2 Responses

  1. DWA
    DWA September 10, 2013 at 10:44 am |

    I’m rarely upset at Jeff Meldrum. I am here.

    Jeff, what good is it to “be skeptical of reports from Nebraska because the state doesn’t have the expansive wilderness necessary for a large primate”?

    How much such territory does this animal truly need? The Great Plains were once crawling with grizzly bears – just ask Lewis and Clark – and they’d be there still if we just denied their existence and didn’t bother them.

    When the numbers are smaller, which seems likely with this animal, and no one’s bothering it, well, just how doubtful is it, given that there is lots of food?

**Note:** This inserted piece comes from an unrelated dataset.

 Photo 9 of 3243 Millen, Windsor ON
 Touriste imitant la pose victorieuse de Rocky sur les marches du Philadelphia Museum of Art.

    When the local authority treats the kid’s report seriously, it seems wise not to shoot a potential breakthrough in the foot right off the bat. I really wish scientists, even Meldrum, would stop issuing all these “informed” opinions about things we just don’t know for sure yet.

  2. jswatek
    jswatek September 17, 2013 at 1:20 pm |

    Nebraska is not the Great American Desert. The bluffs along the Missouri River are covered in trees. Buffer areas of trees follow all the state’s rivers and surround the lakes. The Worlds Largest Man-Made Forest is in North Central Nebraska. Nebraska is also known as The Tree Planter’s State where J. Sterling Morton founded Arbor Day in 1872. Yes, there’s plenty of farmland, but farmers also plant “shelter belts,” wide borders of trees, to cut wind and prevent soil erosion.

    All this tree cover offers beltways for animals to move through and around the state. That is shown by the multiple sightings and the movements of mountain lions seen throughout the state in the past 10 to 15 years.

    Thanks, Loren, for your counterpoint comments.